Within the lines below, the span from the line with "lot 8301 image: Milani" to the line with "Λουτράκι: Auτn είναι", both ends included, is to be reproduced exactly, with pictures omitted.

- **PROVIDED RECORDS**
+++++
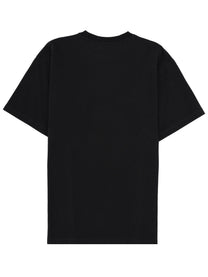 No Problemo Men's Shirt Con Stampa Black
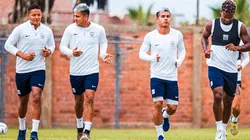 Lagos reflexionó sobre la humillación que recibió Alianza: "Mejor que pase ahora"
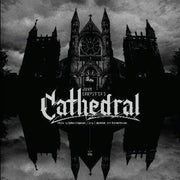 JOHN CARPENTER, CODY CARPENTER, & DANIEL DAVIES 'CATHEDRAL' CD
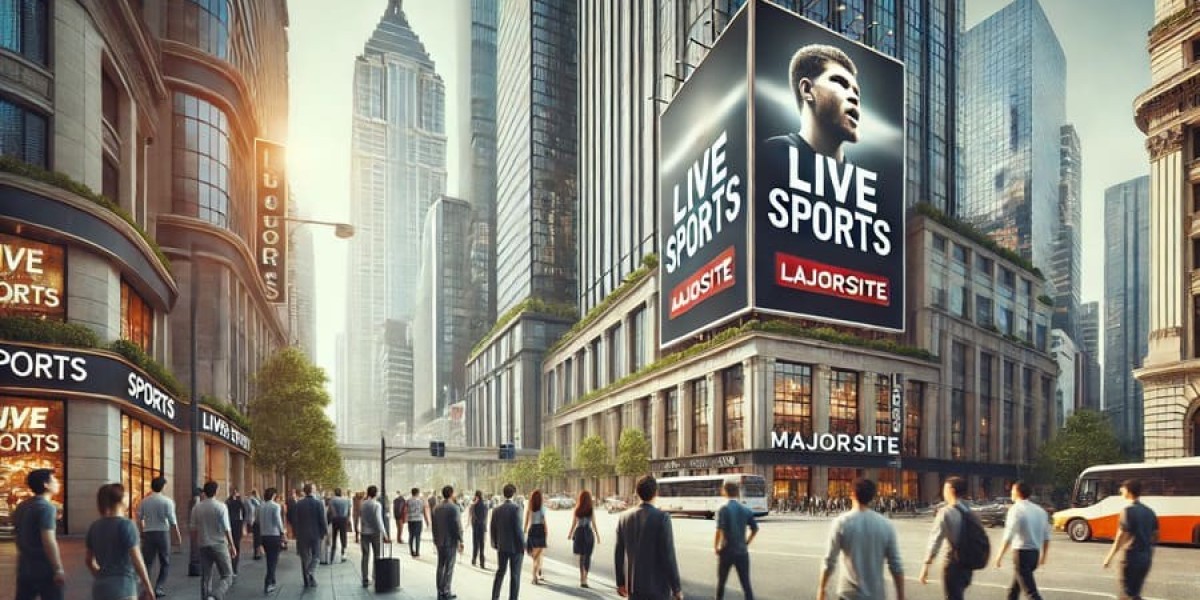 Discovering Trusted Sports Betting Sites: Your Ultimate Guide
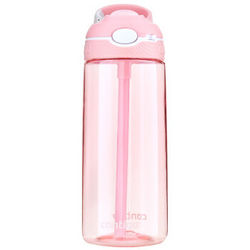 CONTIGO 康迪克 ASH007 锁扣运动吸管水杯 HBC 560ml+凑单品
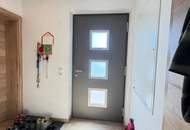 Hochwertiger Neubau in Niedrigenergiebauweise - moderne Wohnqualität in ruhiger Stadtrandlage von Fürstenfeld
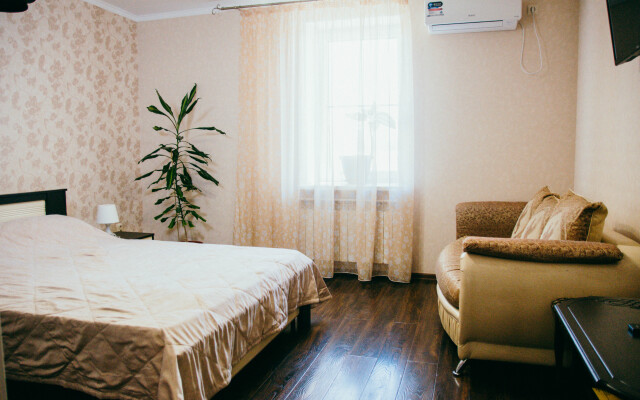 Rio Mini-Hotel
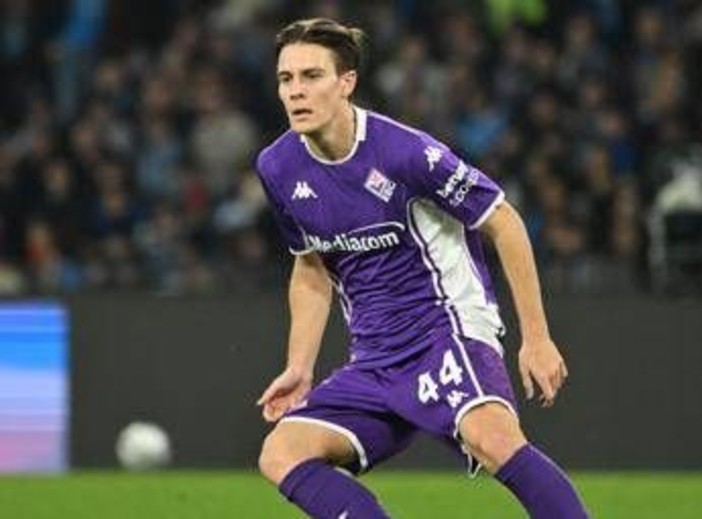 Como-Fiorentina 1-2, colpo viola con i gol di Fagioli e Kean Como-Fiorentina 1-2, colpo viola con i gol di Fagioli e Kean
+++++
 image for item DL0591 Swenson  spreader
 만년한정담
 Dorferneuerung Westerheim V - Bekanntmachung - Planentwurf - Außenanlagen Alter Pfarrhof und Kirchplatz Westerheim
+++++
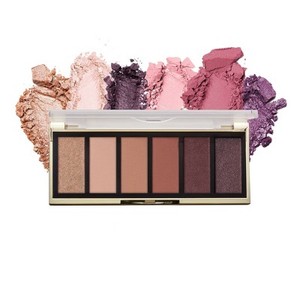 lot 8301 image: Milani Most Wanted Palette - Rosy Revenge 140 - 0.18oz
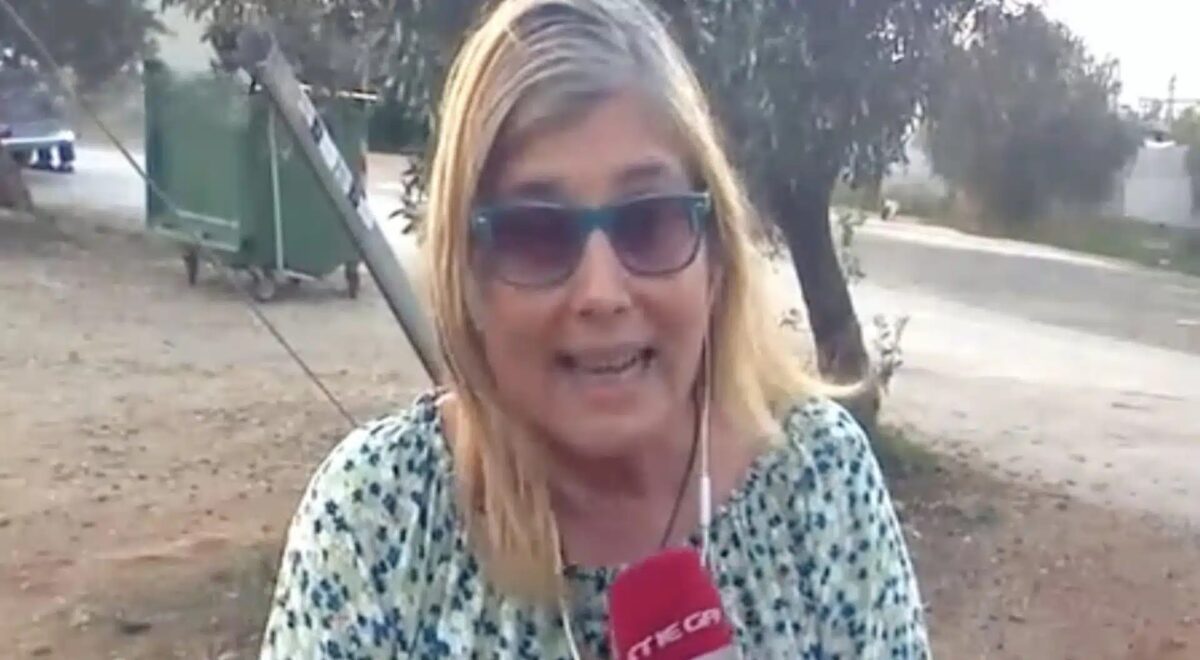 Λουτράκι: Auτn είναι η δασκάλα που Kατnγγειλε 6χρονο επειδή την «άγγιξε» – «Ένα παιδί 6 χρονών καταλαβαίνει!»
+++++
- **THE ANSWER**
 lot 8301 image: Milani Most Wanted Palette - Rosy Revenge 140 - 0.18oz
 Λουτράκι: Auτn είναι η δασκάλα που Kατnγγειλε 6χρονο επειδή την «άγγιξε» – «Ένα παιδί 6 χρονών καταλαβαίνει!»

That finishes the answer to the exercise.